Remember the Molecular Gastronomy kit I showed you? One of my young cooks (we call them Culinary Specialists because the Navy can't just use a simple title) has been intereested when I cook, probably because I've made caramels and toffees which aren't part of the standard Navy curriculum. He joined me for this set of food Experiments...
The basic ingredients: Peanut Butter paired with Tapioca Maltodextrin and Strawberry Jam paired with Agar Agar. You've seen the shot of the Peanut Butter turned into powder already.
Then we boiled the jam, agar agar and some water together, strained it to get the seeds out, then injected the mixture into tubes to make strawberry jelly noodles. A couple of things we learned - three tubes isn't enough to make this an effcient process...they either need to be longer or you need about a dozen or more to fill at once. Also, if you let it cool, it gels and if you take too long to make the noodles and leave the mixture on the heat, it thickens then, too. Timing matters! One person can do it, but two sets of hands makes things easier.

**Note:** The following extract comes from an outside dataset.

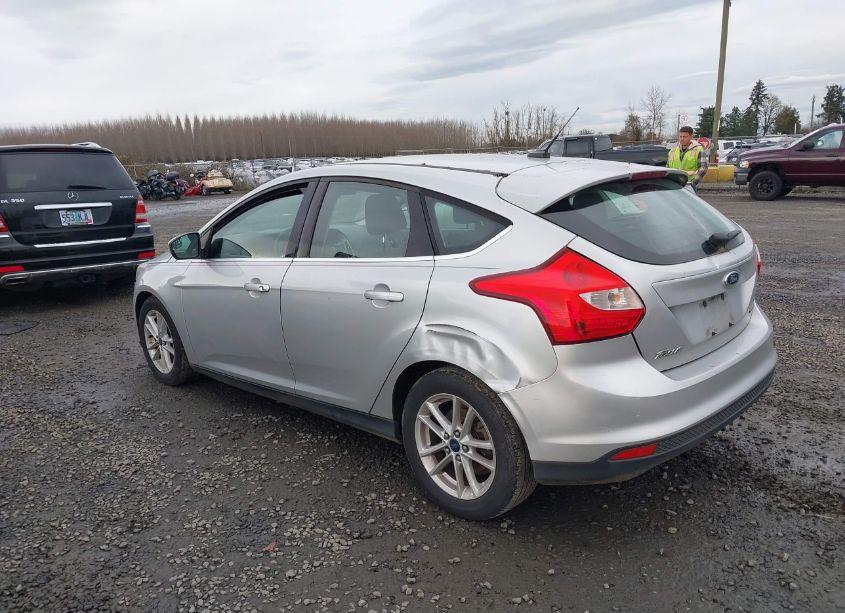 Photo 3 of 2012 Ford Focus SEL (VIN 1FAHP3M21CL206609)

Strawberry jam noodles resting on a platter...we learned that it's better to let them rest in the ice bath for longer than the 3-5 minutes recommended in the instructions, otherwise they come out very fragile.
The final product:
Tastes just like a peanut butter and jelly sandwich! In the end, a very successful Experiment! Our next project will be a deconstructed vinagrette - olive oil powder, balsamic vinegar pearls...and something else.
I can only conclude from these experiments that you are on the short list to be an astronaut!
Posted by: Jennifer | March 13, 2011 at 11:13 AM
So that's what the powder was that you made!
Posted by: Kathy in San Jose | March 13, 2011 at 02:00 PM
You are one cool CO. I'll bet there hasn't been another one on the seas making jelly noodles and powered peanut butter.